OK, hopefully it is not going to change again (I don't think it will thankfully), but I just got word that I AM going. It does not look like there will be much, if any, time to explore as I think we are working every day, but maybe I can go out at night if it is safe and see things then.


----------



## ella/TO (Feb 16, 2009)

Translated from Yiddish....."go in good health and come home in good health"
Mazeltov! you'll love it.


----------



## GB (Feb 16, 2009)

Thanks Ella. I am very excited. I have always wanted to go. I am just sorry my family can not come with me this time. Maybe for my daughters Bat Mitzvah we will go as a family.


----------



## Callisto in NC (Feb 16, 2009)

Yay for you!!  I hope you get your camera lense fixed before you go so you can take some awesome pictures.


----------



## GB (Feb 16, 2009)

Well the lens won't be fixed in time, but maybe I can borrow my FIL's lens. Even if I can't, I can still work the lens enough so that I can get some shots. Outside shots are easier than inside shots with the problem I am having so that plays to my advantage.


----------



## expatgirl (Feb 16, 2009)

That's great news, GB!!  Hope like everyone else you can see a bit of the city.........maybe at your lunch break (if you get one) and as you say for dinner.......be sure that passport is in total order.......we saw tourists being detained in Israel and not allowed back into Egypt because of it............take photocopies of your passport as well in case, horror of horrors you lose it..........keep your case attached to you at all times....but you probably already know all of this.........sorry if I'm sounding like a Mamma Bear


----------



## Alix (Feb 16, 2009)

HOLY COW!! I haven't been on in so long and I didn't read this whole thread but just had to say WOOHOO!!! Make sure you take LOTS of pictures GB.


----------



## kadesma (Feb 16, 2009)

GB,
just going will be an adventure..It would be nice if you were able to take your family. But, knowing you and how much you love them, you will make sure they all get a chance to go one day. you will be working, but just maybe you will get a few moments to explore and if so...I wish you the wonders of a life time..BE SAFE my friend

cj


----------



## TATTRAT (Feb 16, 2009)

GB said:


> I was supposed to go a few years ago when I started with my current company, but for various reasons they decided to postpone my trip. Well my time has finally come and I will be going next month. I am both excited and nervous, but way more excited than anything. I just hope they have built in a little free time so I can see the country.

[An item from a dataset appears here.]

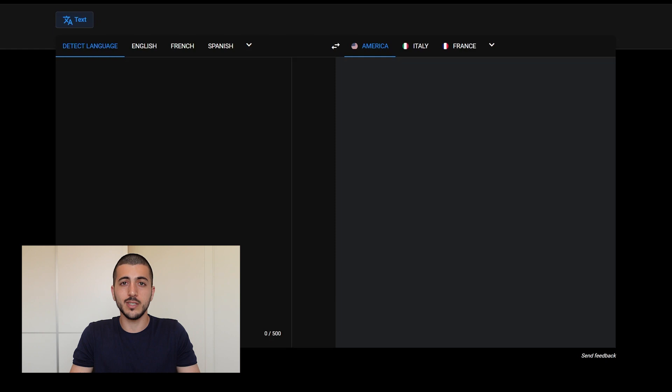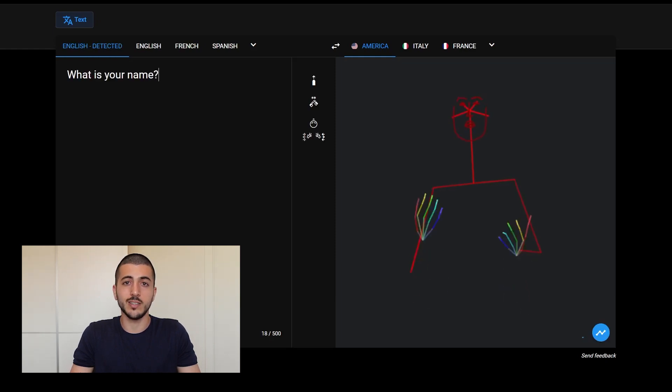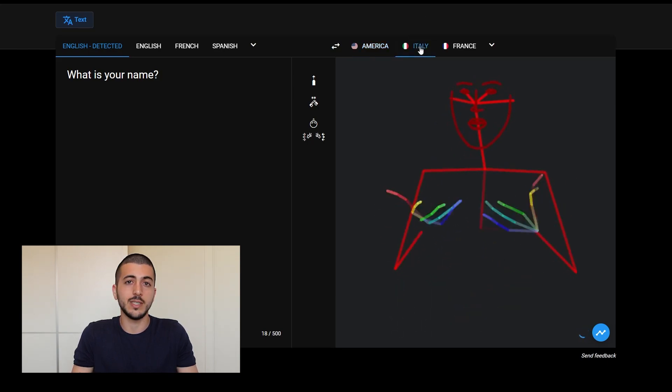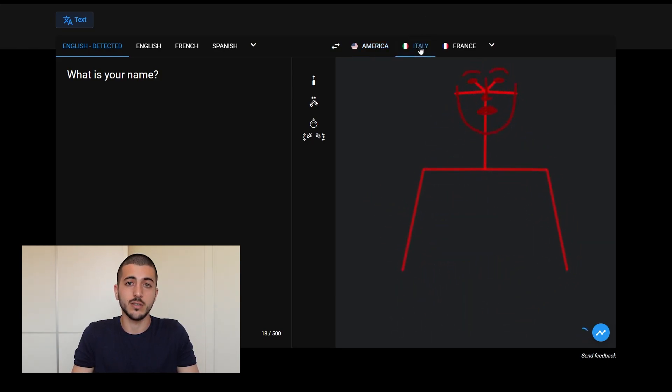Once I saw the generator in action, I included it in the Sign Translate project, which now supports spoken to sign language translation in over 40 languages. The algorithm allows us to decouple the language pairs, so we can not only translate English to American Sign Language, but we can also do Italian Sign Language or others.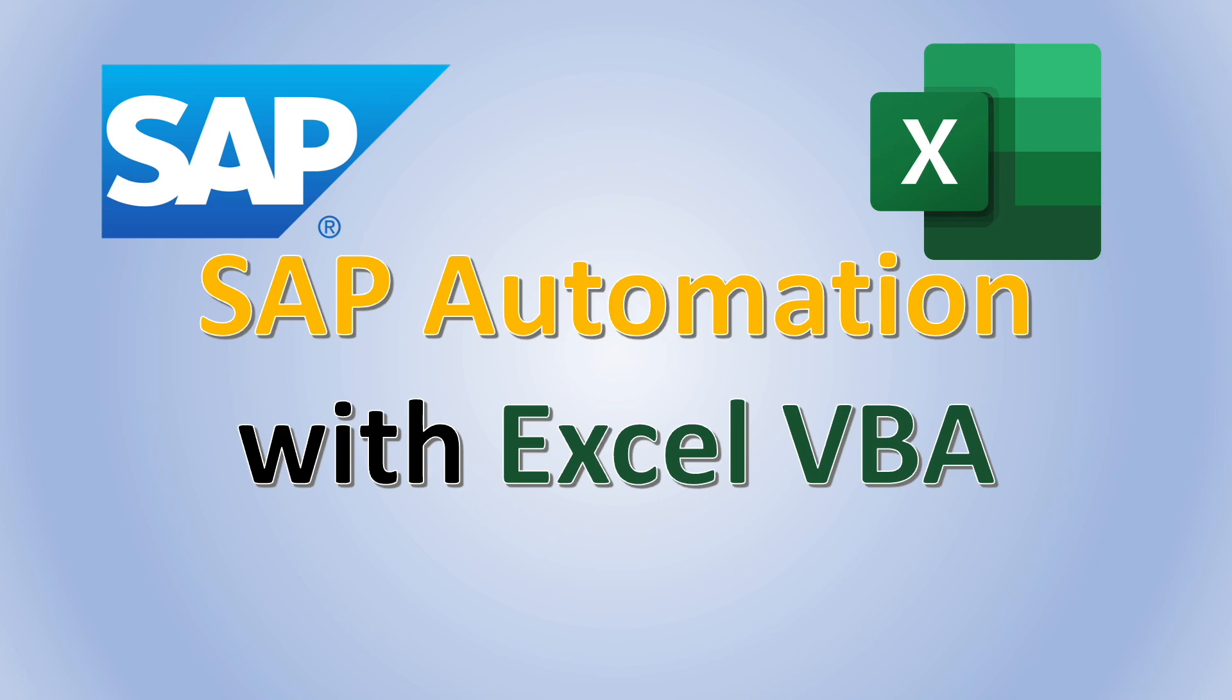Hey friends, welcome back to the channel. If you're new here, my name is Joel. I'm an analyst in Singapore. In this video, I'll break down the step-by-step process of how we can automate the extraction of reports from SAP with Excel VBA.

GB's, man, I thought you had been and gone so I thought this was an old bump...

I am stoked for you, I hope also that some time is allocated for touring! Take lots of pics, I look forward to hearing of your adventure!

edit:


GB said:


> Well the lens won't be fixed in time, but maybe I can borrow my FIL's lens. Even if I can't, I can still work the lens enough so that I can get some shots. Outside shots are easier than inside shots with the problem I am having so that plays to my advantage.




PM me your details, I have some glass that I don't use and would be happy to send it to you.


----------



## Callisto in NC (Feb 16, 2009)

Well, I'm sorry you aren't going to be able to have the lense fixed in time.  I would love to see some great landscape/scenery shots, hope you can take some.


----------



## GB (Feb 16, 2009)

expatgirl said:


> take photocopies of your passport as well in case, horror of horrors you lose it.


This is a great piece of advice that I might not have thought of. Thanks for the tip mama bear !!!


----------



## expatgirl (Feb 16, 2009)

GB said:


> This is a great piece of advice that I might not have thought of. Thanks for the tip mama bear !!!



you're welcome.......it will just expedite the US Embassy to process you a new one if you should lose yours.......and believe me they need expediting......if they have to go back to the US and look you up and find the numbers, yada, yada, yada.....you'll be there until your daughters' bar mitzbahs.....this way they have everything in front of them and can quickly process you.........carry one with you as you travel about the city  and one in your suitcase and one in your briefcase.........put your passport in the safe if they have one in the room...........I'm so excited for you.......MBear.......


----------



## expatgirl (Feb 17, 2009)

GB.......I talked to my husband on ichat this morning and he highly recommended that you register with the American Embassy in case of emergencies and you can do it online at:

https://travelregistration.state.gov/ibrs/


----------



## GB (Feb 17, 2009)

Thanks expatgirl. That is a great idea. I just spoke to the travel agent to set up my trip. Once my flight is approved my our finance director I will register on that site.


----------



## MostlyWater (Feb 22, 2009)

I went with a group when I was 17.  Great summer !  Just see as many places as you can!


----------



## Toots (Feb 22, 2009)

When I go overseas, I PDF myself a copy of my passport and email it to my yahoo account.  That way, I can always get a copy should something happen to it.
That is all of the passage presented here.